Japigia, non vogliamo discariche

da REPUBBLICA BARI 16/07/2006 – pag. X

Una delibera del Comune prevede la struttura dove ora sorge il mercato dell’ usato. Ma la circoscrizione la boccia

di DANIELE SEMERARO

La costruzione di un centro raccolta rifiuti dell’ Amiu a Japigia, dove ora sorge il mercatino dell’ usato di via Troisi, ha messo in agitazione gli abitanti del quartiere. «C’ è una delibera del consiglio comunale – spiega il presidente della circoscrizione, Pasquale Leccese – che prevede l’ istituzione di questo spazio proprio dove ora sorge il mercatino». Questa locazione, però, raccontano i cittadini, è incompatibile con la situazione del territorio, perché si tratta di un luogo inserito nel cuore del quartiere, vicino a complessi edilizi di pregio e a due passi da dove sorgerà il Centro direzionale. Tra i timori degli abitanti, inoltre, anche il disturbo della quiete pubblica che avverrebbe nel momento di carico e scarico dei materiali.
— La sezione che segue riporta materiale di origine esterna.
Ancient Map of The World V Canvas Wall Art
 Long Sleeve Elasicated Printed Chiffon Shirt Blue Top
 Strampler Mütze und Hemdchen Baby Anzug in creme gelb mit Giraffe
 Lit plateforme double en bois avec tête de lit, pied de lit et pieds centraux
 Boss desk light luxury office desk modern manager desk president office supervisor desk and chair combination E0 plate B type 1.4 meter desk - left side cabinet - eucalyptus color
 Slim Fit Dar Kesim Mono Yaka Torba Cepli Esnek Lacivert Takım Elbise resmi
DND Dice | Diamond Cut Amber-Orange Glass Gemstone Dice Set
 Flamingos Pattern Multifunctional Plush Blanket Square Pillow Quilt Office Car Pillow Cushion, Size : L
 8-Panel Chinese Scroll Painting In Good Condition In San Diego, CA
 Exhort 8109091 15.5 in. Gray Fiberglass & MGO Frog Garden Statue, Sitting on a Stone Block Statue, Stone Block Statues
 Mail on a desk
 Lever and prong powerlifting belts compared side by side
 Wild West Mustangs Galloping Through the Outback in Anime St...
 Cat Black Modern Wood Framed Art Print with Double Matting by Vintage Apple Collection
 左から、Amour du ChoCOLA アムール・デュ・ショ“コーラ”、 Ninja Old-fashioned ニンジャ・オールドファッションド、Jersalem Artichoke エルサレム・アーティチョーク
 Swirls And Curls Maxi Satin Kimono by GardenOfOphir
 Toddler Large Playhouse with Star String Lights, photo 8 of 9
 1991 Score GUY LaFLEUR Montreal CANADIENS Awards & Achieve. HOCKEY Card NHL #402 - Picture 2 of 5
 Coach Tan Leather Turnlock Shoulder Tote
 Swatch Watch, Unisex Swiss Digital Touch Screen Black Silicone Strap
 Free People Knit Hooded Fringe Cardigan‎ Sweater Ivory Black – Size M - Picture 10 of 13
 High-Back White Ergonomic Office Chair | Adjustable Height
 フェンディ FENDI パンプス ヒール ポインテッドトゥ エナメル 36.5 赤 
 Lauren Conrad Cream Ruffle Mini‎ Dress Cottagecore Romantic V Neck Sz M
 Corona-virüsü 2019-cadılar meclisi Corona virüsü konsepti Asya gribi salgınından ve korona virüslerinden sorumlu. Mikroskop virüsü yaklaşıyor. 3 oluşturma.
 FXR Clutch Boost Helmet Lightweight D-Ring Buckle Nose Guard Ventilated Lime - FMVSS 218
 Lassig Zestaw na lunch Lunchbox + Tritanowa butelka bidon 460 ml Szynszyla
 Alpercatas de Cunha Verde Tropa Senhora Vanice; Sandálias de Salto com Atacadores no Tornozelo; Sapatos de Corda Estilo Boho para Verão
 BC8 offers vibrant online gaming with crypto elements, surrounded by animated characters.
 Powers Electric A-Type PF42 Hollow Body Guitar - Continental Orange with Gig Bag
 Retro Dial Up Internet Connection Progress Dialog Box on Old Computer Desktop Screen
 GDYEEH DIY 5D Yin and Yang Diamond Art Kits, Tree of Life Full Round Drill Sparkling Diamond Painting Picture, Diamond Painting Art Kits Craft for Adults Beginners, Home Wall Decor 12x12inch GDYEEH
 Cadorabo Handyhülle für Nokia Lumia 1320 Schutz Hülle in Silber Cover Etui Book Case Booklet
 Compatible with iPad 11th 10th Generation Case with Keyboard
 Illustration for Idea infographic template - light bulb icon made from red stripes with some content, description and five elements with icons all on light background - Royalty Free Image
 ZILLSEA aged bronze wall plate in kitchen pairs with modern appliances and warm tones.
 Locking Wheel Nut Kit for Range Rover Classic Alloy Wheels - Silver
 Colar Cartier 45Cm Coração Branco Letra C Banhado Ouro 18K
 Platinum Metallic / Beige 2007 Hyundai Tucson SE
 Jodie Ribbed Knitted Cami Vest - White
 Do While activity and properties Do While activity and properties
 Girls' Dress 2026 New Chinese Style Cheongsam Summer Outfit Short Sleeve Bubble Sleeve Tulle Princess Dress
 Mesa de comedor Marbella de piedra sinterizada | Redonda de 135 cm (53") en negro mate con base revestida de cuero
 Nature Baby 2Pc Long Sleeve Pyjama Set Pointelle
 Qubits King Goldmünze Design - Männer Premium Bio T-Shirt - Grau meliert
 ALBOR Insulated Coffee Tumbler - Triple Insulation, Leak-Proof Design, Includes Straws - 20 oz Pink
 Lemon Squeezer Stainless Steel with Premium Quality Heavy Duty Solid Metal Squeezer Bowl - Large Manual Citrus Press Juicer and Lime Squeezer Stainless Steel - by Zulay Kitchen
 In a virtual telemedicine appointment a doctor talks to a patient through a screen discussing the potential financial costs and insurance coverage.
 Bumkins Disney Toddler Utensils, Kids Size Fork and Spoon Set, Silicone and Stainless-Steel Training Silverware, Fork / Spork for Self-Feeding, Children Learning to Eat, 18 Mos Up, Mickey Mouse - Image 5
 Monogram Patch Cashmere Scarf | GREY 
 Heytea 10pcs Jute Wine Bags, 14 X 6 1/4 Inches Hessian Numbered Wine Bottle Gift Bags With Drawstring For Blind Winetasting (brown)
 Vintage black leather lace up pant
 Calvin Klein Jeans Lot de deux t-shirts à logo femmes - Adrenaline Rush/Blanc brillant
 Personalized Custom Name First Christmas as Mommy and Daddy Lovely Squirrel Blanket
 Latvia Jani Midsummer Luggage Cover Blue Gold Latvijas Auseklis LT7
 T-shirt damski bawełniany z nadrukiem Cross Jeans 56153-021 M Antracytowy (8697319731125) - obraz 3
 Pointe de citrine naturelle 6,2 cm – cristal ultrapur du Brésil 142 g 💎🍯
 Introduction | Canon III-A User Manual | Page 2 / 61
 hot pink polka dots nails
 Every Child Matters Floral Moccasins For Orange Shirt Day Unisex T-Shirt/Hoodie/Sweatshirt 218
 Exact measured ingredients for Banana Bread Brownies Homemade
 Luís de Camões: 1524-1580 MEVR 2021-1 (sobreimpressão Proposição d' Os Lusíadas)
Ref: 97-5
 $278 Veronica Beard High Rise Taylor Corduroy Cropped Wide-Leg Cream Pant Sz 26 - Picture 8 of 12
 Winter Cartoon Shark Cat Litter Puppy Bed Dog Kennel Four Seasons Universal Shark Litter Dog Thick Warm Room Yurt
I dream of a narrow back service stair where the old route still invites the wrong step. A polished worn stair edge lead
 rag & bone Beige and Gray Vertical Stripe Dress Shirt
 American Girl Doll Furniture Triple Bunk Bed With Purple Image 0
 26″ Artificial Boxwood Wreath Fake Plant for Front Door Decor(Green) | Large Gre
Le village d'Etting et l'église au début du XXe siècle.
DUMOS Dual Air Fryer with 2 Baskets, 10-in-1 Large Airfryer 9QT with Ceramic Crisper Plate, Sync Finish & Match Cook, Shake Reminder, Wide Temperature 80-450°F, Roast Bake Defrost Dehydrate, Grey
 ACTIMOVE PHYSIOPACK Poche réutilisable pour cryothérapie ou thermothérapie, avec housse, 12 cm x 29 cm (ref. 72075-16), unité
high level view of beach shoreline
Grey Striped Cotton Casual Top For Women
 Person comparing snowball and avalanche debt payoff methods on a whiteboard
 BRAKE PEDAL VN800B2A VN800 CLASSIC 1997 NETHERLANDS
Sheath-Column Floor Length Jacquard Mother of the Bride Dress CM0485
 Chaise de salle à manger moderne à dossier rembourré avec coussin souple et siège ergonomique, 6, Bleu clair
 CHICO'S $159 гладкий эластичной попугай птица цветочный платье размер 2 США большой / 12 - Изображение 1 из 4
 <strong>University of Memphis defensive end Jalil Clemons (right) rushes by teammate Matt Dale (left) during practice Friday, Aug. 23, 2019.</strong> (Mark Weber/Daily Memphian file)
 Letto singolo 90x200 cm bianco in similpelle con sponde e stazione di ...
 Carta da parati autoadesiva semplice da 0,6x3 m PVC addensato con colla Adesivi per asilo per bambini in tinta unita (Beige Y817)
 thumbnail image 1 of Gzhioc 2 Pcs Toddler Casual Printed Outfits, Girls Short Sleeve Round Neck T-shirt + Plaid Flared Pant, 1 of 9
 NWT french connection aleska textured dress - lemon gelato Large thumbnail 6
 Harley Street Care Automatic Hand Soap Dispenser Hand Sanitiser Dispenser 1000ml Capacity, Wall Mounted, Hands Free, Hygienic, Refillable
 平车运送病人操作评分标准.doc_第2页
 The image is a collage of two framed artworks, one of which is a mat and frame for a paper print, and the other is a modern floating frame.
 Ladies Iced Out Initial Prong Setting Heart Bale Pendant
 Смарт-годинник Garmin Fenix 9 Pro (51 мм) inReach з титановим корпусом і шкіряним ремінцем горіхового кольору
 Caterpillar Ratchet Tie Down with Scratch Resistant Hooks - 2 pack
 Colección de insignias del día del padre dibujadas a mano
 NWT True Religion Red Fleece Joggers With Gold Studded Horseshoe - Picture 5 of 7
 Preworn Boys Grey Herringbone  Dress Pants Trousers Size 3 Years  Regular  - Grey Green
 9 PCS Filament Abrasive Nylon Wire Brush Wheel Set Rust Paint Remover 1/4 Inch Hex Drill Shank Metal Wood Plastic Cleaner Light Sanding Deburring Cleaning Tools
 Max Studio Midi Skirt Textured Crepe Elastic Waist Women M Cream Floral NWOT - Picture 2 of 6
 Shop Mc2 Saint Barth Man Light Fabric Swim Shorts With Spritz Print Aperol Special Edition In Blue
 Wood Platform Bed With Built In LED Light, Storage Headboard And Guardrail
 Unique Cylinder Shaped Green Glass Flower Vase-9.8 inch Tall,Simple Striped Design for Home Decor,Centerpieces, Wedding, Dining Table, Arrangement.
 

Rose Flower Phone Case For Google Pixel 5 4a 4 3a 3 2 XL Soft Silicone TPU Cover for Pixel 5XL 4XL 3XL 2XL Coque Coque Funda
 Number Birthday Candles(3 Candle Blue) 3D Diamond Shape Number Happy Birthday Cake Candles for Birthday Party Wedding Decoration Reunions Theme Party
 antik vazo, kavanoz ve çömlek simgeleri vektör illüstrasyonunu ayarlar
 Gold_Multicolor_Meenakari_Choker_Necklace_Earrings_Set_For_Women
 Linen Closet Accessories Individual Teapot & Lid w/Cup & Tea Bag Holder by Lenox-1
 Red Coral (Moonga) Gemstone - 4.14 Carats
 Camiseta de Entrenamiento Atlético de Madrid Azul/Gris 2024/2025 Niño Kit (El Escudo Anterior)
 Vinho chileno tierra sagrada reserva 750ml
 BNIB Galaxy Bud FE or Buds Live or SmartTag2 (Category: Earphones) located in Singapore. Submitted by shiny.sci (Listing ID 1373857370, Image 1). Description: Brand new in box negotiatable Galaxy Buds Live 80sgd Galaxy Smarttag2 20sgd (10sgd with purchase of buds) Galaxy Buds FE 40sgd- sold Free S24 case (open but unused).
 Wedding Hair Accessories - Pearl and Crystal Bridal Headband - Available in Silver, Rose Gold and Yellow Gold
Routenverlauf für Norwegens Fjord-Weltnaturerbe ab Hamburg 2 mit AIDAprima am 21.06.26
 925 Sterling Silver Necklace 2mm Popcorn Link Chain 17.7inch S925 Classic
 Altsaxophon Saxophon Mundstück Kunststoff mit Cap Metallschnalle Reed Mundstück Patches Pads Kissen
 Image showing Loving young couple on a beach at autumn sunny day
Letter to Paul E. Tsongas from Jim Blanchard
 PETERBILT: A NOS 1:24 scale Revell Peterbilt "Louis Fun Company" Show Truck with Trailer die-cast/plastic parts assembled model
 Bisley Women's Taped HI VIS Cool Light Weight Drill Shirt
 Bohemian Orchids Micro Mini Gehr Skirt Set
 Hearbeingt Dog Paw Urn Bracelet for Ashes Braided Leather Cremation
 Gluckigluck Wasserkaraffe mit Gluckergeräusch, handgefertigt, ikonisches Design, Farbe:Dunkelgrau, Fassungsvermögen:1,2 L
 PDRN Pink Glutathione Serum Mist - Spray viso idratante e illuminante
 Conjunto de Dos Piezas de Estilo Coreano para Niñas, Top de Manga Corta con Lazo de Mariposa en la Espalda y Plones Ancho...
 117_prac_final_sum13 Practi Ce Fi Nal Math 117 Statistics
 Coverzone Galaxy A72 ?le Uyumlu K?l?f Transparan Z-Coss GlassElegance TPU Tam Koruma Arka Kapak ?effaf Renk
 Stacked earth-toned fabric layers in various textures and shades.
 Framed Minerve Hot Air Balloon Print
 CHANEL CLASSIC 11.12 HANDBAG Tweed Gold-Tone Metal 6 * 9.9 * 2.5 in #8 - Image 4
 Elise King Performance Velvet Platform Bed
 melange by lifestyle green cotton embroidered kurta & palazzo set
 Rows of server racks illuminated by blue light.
Per questo motivo la circoscrizione ha espresso al Comune parere negativo per la creazione dell’ ecocentro, auspicando che si apra al più presto un tavolo di trattative per cercare di spostare il luogo in cui avverrà la costruzione. Il consiglio comunale, dal canto suo, spiega l’ assessore alle Aziende municipalizzate Cinzia Capano, è disponibile all’ incontro con i cittadini: «Quello che deve essere chiaro a tutti – rassicura – è che non si tratta di una discarica, ma di un deposito previsto dal protocollo sulla raccolta differenziata, che non può essere completa senza i centri di raccolta per i materiali ingombranti». Ma in cosa consiste un ecocentro? Spiega il presidente dell’ Amiu, Giuseppe Savino, che si tratta semplicemente di un deposito in cui vengono posizionati dei grossi contenitori. Il cittadino, nel momento in cui vuole disfarsi di oggetti ingombranti, può recarsi nel centro e scaricare gratuitamente il materiale in maniera sicura e legale: «La paura degli abitanti di Japigia – aggiunge Savino – è ingiustificata, perché la costruzione di questo spazio andrà a migliorare la vita di tutti. I pericoli per l’ igiene o l’ inquinamento acustico – continua – non esistono, perché il processo di lavorazione avverrà dove avviene attualmente. Semplicemente, si tratta di un luogo che permetterà a tutti di eliminare facilmente vecchi divani, televisori, materassi e tutti quei rifiuti ingombranti che molto spesso, invece, vengono abbandonati per strada».